So what’s required is an application that can presents the user with results in a similar way to Google’s AI experiments. JavaFX is a UI framework perfect for this task. It’s native, so can handle the graphics intensive tasks of drawing thousands of clips, and has a great set of third party libraries for additional user controls and styles. Plus it works on MacOS, Linux, PC, iOS and Android. This provided the perfect basis for building an application to perform t-SNE and allow a user to quickly and efficiently interact with the results.
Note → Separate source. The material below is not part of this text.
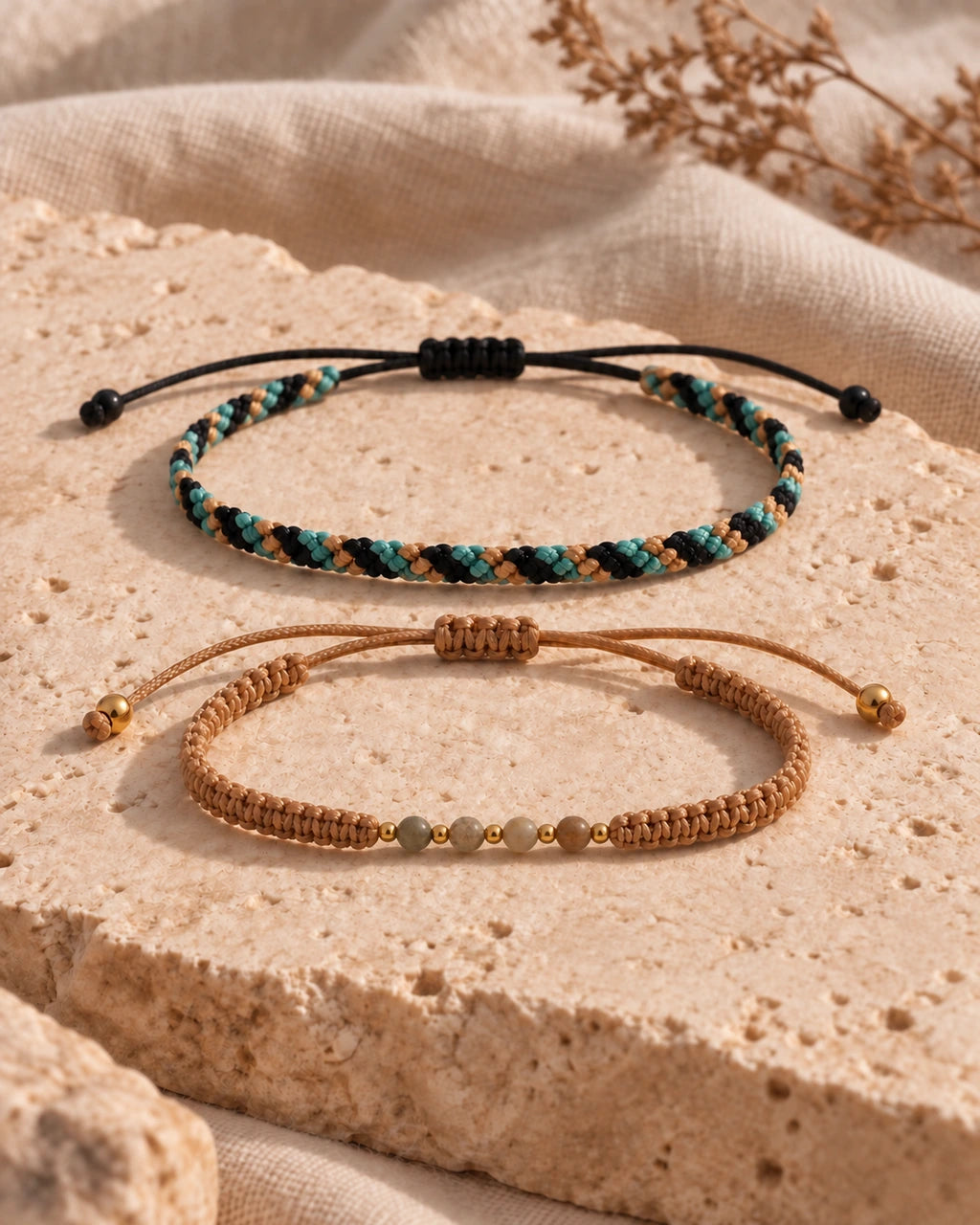 Equilibrio Natural – Dúo de pulseras masculinas ajustables – imagen 5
Before getting to the app we built, SoundSort, it should be noted that building a program like this without an entire research budget is only possible because the efforts of the open source community. Even in this relatively simple application, there are multiple libraries used:
- A fast and native Java implementation of the t-SNE algorithm.
- The excellent controlsfx library for extra JavaFX bits and pieces.
- JMetro for styling the app with fluent design theme.
- FontawesomeFX for icons.
- javafxsvg for reading svg files.
- Apache Commons Math 3 for the fast Fourier transform and plenty of other useful functions.
- iirj for filtering acoustic data before decimating.
- alg4 for the solving the assignment problem, i.e. taking clustered points from t-SNE and assigning them to a grid.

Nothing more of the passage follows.